═══ INFORMATION SUPPLIED

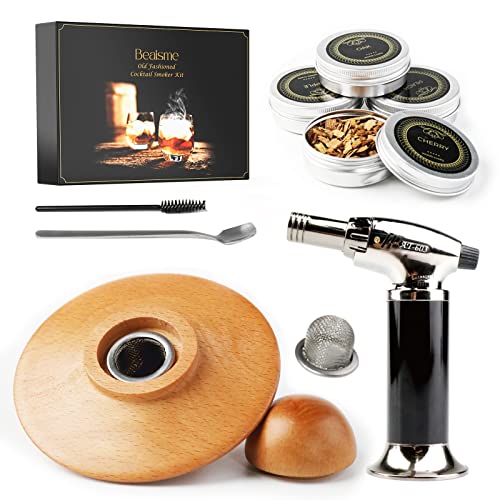 Whiskey Cocktail Smoker Kit with Torch - Beaisme Bourbon Drink Smoker Kit Old Fashioned Drink Infuser Kit with 4 Flavors Wood Chips Festival Gifts for Friends Husband Dad (No Butane)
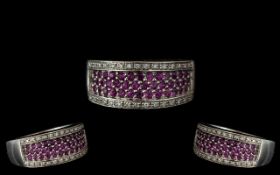18ct White Gold Stunning Diamond and Pink Sapphire Set Dress Ring. Expensive Setting.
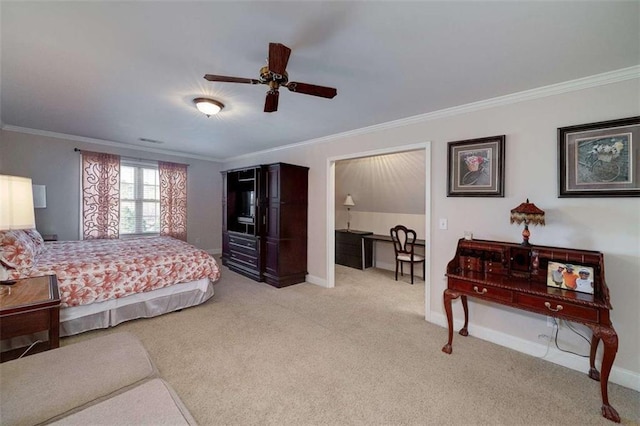 carpeted bedroom featuring baseboards and crown molding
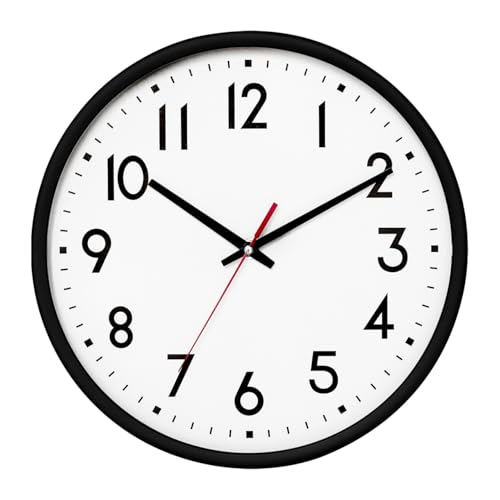 HZDHCLH Wall Clock Black,Silent Wall Clocks Battery Operated 8 Inch Modern Non Ticking Analog Clock Decorative for Kitchen Bedroom Living Room Office Classroom - color: Black, size: 8 inch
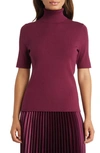 Anne Klein Ribbed Turtleneck Sweater In Chianti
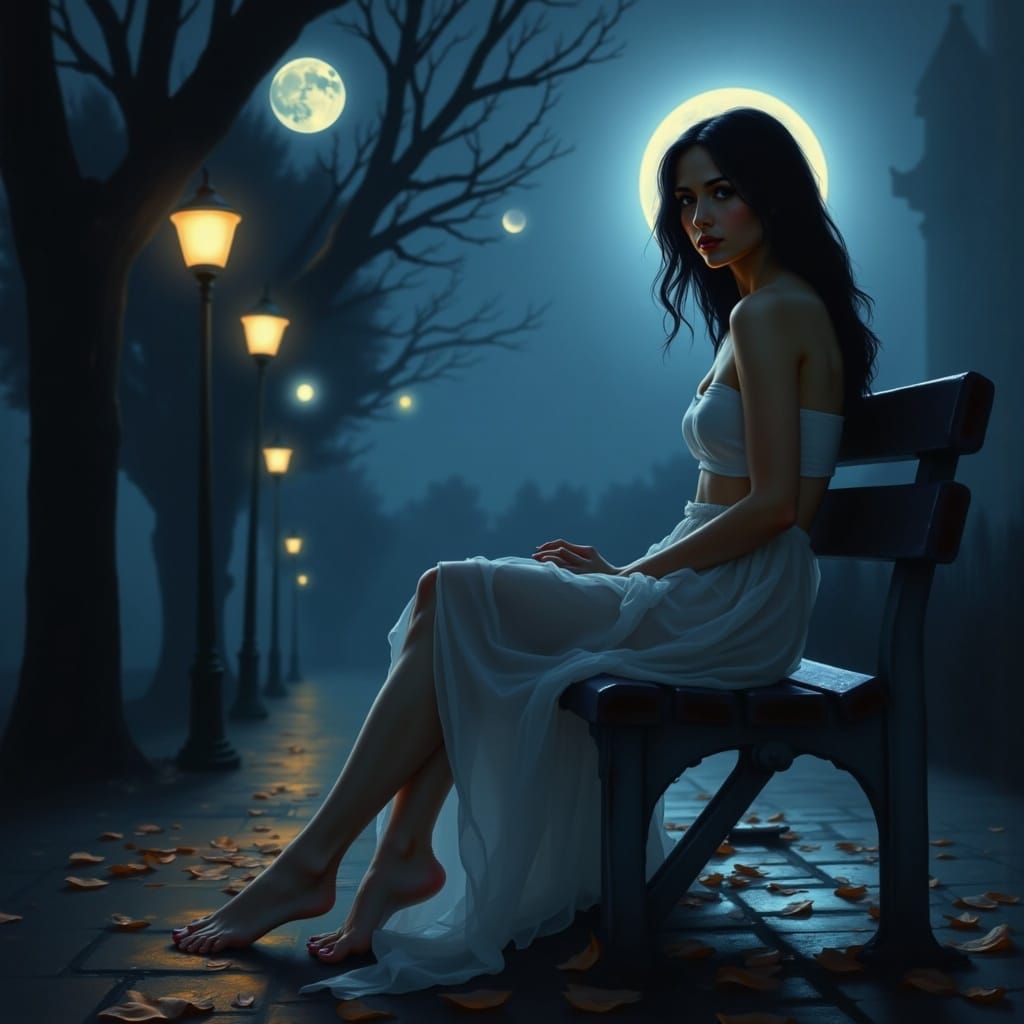 <lora:Heart:1.0> Beautiful woman sitting on a park bench, at night, willowy physique, at night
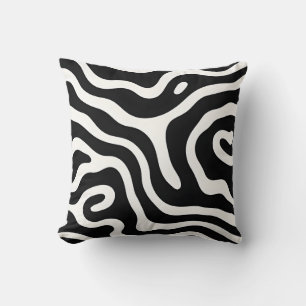 Bold Black and White Abstract Wave Throw Pillow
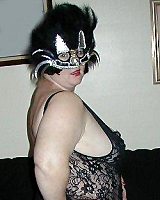 Masked Amateur Big Round Butt BBW In Lace Garters And Corset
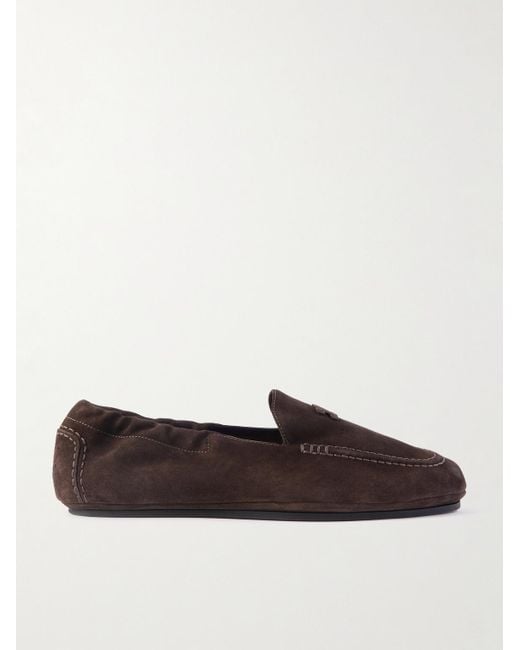 Céline White Logo-appliquéd Suede Loafers for men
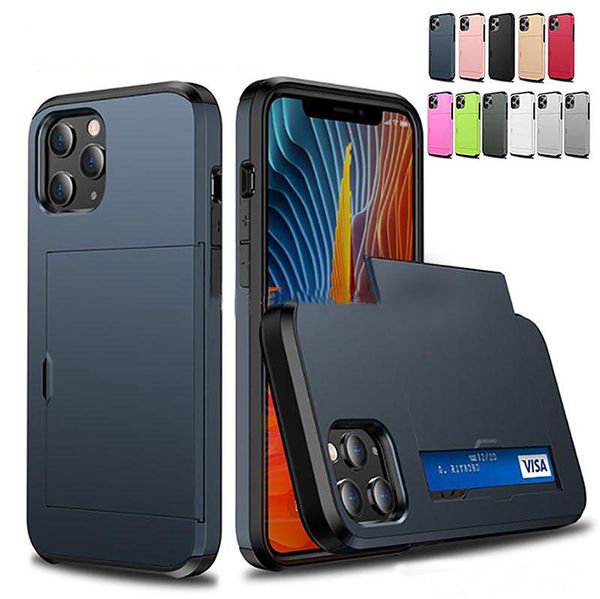 Capas telefônicas por cartão de crédito híbrido para iPhone 13 Pro Max 12 Mini 11 Samsung S22 PLUS S21 Ultra S21FE S20 Fe Note20 TPU PC 2 em 1 Capas traseiras à prova de choque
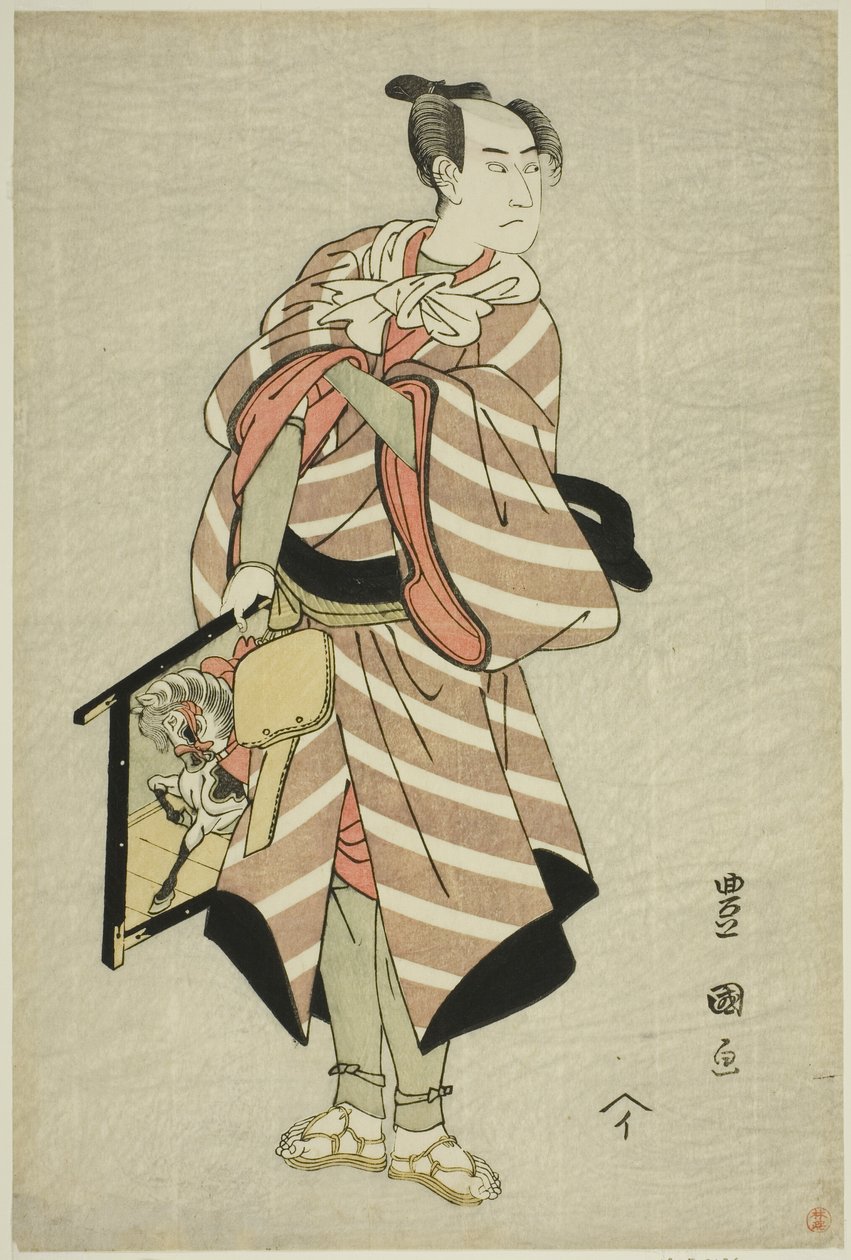 Skådespelaren Sawamura Sojuro III som packhästmannen Muchizo i pjäsen "Miyamairi Musubi no Kamigaki", uppträdde på Kiri Theatre i den elfte månaden, 1797 av Utagawa Toyokuni I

══════

WHAT IS EXPECTED
Repeat the exact lines from the first line of the data through the line containing "Masked Amateur Big". Nothing else, no pictures.

TASK RESULT
 Whiskey Cocktail Smoker Kit with Torch - Beaisme Bourbon Drink Smoker Kit Old Fashioned Drink Infuser Kit with 4 Flavors Wood Chips Festival Gifts for Friends Husband Dad (No Butane)
18ct White Gold Stunning Diamond and Pink Sapphire Set Dress Ring. Expensive Setting.
 carpeted bedroom featuring baseboards and crown molding
 HZDHCLH Wall Clock Black,Silent Wall Clocks Battery Operated 8 Inch Modern Non Ticking Analog Clock Decorative for Kitchen Bedroom Living Room Office Classroom - color: Black, size: 8 inch
 Anne Klein Ribbed Turtleneck Sweater In Chianti
 <lora:Heart:1.0> Beautiful woman sitting on a park bench, at night, willowy physique, at night
 Bold Black and White Abstract Wave Throw Pillow
 Masked Amateur Big Round Butt BBW In Lace Garters And Corset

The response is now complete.